Mozilla plans to release the next small-fry iteration of its Firefox browser next week. Ahead of that, a release candidate version of Firefox 5 landed yesterday. The open-source browser-maker lists the following tweaks to the latest test build: Added support for CSS animations; The Do-Not-Track header preference has been moved …
Slow down lads...
Three major version releases in under a year? What's the freaking rush???
You already have the better browser. However, how about letting your developers catch up with your current browser before kicking up the version number.
I have not upgraded to V4 yet as 3/4 of my add-ons do not work with it. Here's a tip kids. The functionality I find in my add-ons is of more value to me than the browser. So unless you plan on building in the same functionality as my add-ons into the next version I am not upgrading.
That, or let add-ons WORK with future releases without having to be re-coded.
Switch to decaff, take your time and slow down the major version releases. Stabilize the version you have now, before moving on.
I agree entirely
I don't understand why they're rushing out the versions so fast. I'd prefer if they worked on getting the current version stable and faster first. It seems that with every release they've done over the last year or so the browser has got slower, I'm seriously considering jumping ship to Chrome but, of course, Chrome doesn't have all the add-ons I need yet.
Also wtf happened to point releases? It would make more sense for them to release 4.1, 4.2, 4.3 this year and then move to v5 next year. With the current plan we'll be using Firefox 20 in about 2 years time!
Version number catch-up
I presume they are just trying to get Firefox version numbers to catch-up with IE, to help out consumers who think IE11 is better than FF3 because the number is higher.
Addons often do work
If you edit the "install.rdf" file in the XPI bundle (which is just a ZIP archive) with any text editor you can change the "maxVersion" to whatever you please. Though you might want to test it first before wide-scale deployment. Sometimes those version limits are there for a reason.
"It seems that with every release they've done over the last year or so the browser has got slower,"
Did you just MISS Firefox 4 or something? Don't even begin to tell me that is slower than 3.6. When it came out I ran it through benchmarks and it was beating the then-current Chrome for JS times.
Opera's been on 11 since December 2010 ;-)
Currently 11.11 (released 18th May 2011)
I wonder if they're tracking the year number. But anyway, Firefox is still a long way behind a version 11!
I think this announcement refers to Firefox 5.0 (test) AND Firefox, um, 4.0.2 probably.
...just when you thought the Opera fanboys couldn't get any more stupid. Version numbers aren't a dick measuring contest. Windows is still on 6.1.

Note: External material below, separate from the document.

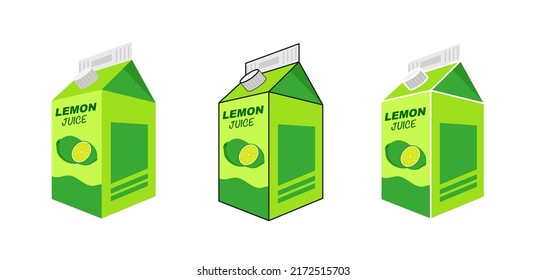 Lemon juice box vector icon illustration, icon isolated on white background. Flat style vector illustration for web and mobile design.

Also, another way of looking at Firefox vs Opera is that it didn't take Firefox as many versions to be the better browser.
Yeah, 4 was an improvement and ran fine, the hardware rendering stress test maxed out at 60fps. A few patches later and it now runs at 9 fps, or 11 if I disable hardware rendering. Yes, on both of my PCs it runs faster with hardware rendering turned off.
My main PC is less than 2 years old and has been regularly upgraded, it doesn't have any issues running high-end games or 3D modelling but try to view a page with more than 5 gif's on it in Firefox and the browser practically locks up. Removing and reinstalling doesn't fix it either.
For reference, IE9 with hardware rendering turned on still maxes out the stress test at 60fps.
Ah, I see, I forgot.
I did put in a ":-)" though.
I do like Opera, and I have a vast and unreasonable number of web pages open simultaneously. But I have Firefox installed as well. Not Chrome though.
The other day Windows 7 told me to close Opera as it was using too much RAM, but when I checked, I found that a fingerprint recognition device's service that I never use was running amuck and taking a gigabyte of RAM and climbing. Thank you so much HP. I stopped the service. If I'm overlooking something else there, I'm eager to hear about it.
better than the last?
well hopefully its better than 4
which is as bugger as hell quite truthfully
I wonder if they've put the status bar back where it belongs?
And perhaps the home and reload buttons?
Home and reload are moveable
You can move home, reload and the stop button if you choose to. It isn't entirely obvious but if you right-click the bar and select "Customise" you'll see that in the address bar you now have a separate refresh and stop button. If you drag these out they stay as separate icons instead of the contextual stop or refresh button. The home button is just off to the right for some reason and again that can easily be dragged back by using the customise option. As for the status bar it's still there but turned off by default.
For others asking why the rush... did you read that this is *not* a major release? They're upping the release schedule so they can get features out faster instead of adding huge amounts of features in a longer development process. It's a better idea in my opinion and means that we don't have to wait for a year or more to get features that other browsers might have by offering more frequent releases.
Home & Reload buttons
You can move them to wherever you like by clicking the orange Firefox button at the top left, then Options, Toolbar Layout, and just drag the buttons to wherever you see fit.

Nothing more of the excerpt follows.